The Pacific Northwest isn’t exactly known for its Fall colors. The Northeast part of the US is the reigning champion when it comes to colorful leaves and autumn brilliance, and that’s not likely to change. With the variety of deciduous hardwoods and reletively few evergreens, the Northeastern forests are a cacaphony of reds, oranges, yellows, and golds, and draw tourists from all over the world just for the fall color display. The Pacific Northwest in comparison is a slacker, with primarily just varying shades of yellow. There are some pockets of oaks in different areas, but they don’t seem to get the same brilliant hues as their eastern cousins, whether due to species, weather patterns, or some other factor. Then there are the firs and cedars–mile after endless, mountainous mile of shades of green. This is not a complaint, as these miles of forests are magnificent. But even the forests of mixed fir and deciduous in the lowlands don’t hold the variety of color compared to the East. It’s mostly shades of yellow. But oh, what yellow.
The most common native deciduous is the Bigleaf maple. And as its name implies, it possesses some of the biggest leaves you can imagine outside of the tropics. The majority of leaves are of normal size, 6 – 12 inches across, in the classic maple leaf shape, but occasionally you’ll see some monsters, dropping from the high canopy in the fall leaf drop, the size of a turkey platter. The trees are large for maples, and provide the bulk of the fall color (from natives) in the Puget Sound basin. My commute to work passes through an area of mature maples on the road to get to the freeway. During the summer they shade the roadway all day long. During the autumn it’s like driving through a cathedral, the leaves bright with color and seeming to glow in the waning light of sunset. The color starts out as a vivid, warm yellow early in the season, and matures into the rich orange yellow of the label on a bottle of Veuve Clicquot champagne, and in its magnificence (a mature Bigleaf maple is a massive tree), leaves you just as high as several glasses of the champagne.
The other trees that turn color are all in shades of yellow – from the lemon yellow of a wild cherry to the deer crossing sign-yellow of a mature cottonwood. Vine maple, another native maple, is considered a shrub rather than a tree, and provides the bright red color missing in our large trees. Coming across a patch of them in the draw of a mountain stream, or a high mountain rockfall (where their fall colors begin in late August), is a sight to behold during the autumn months.

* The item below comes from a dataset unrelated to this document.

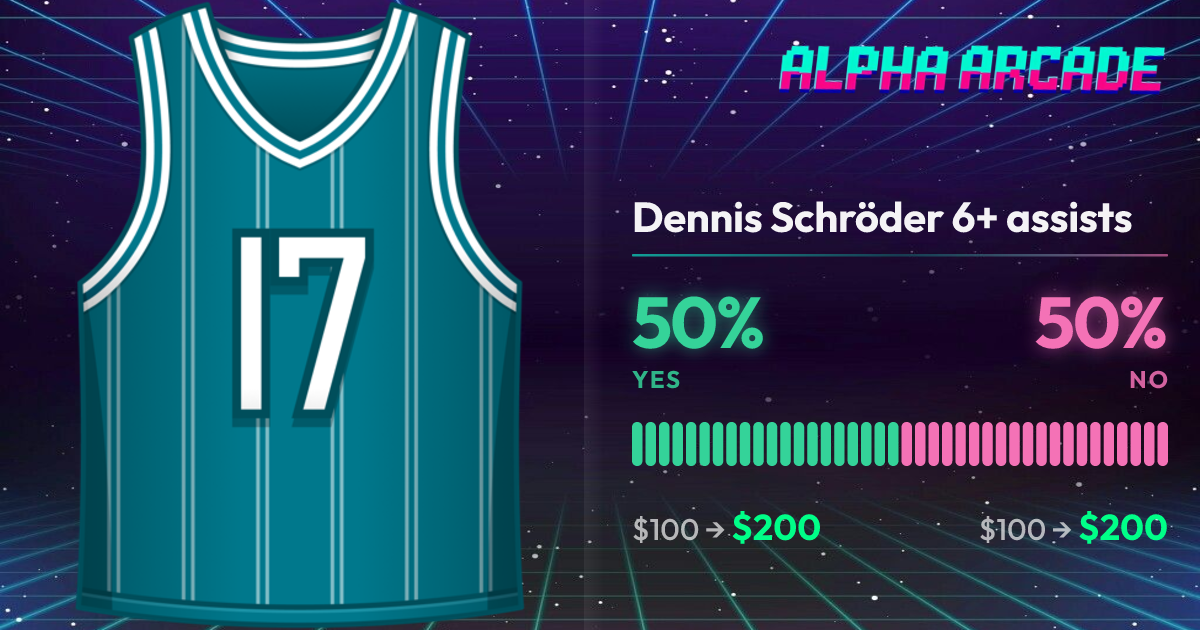 YES 50% / NO 50%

After our glorious, extended version of summer this year, it seems the fall color has been more spectactular than usual. And now the rains have begun, and the deciduous trees are becoming devoid of leaves. The foothills still hold some color, even as the mountains beyond are becoming snow capped, and there are some non-native ornamentals in town still putting on a show (the neighbor’s Japanese maple is one that’s just reaching peak), but the big show is over. The heavy rains and wind are accelerating the leaf drop, and they swirl through the air like oversized confetti as we head into the dark months, when the evergreens rule.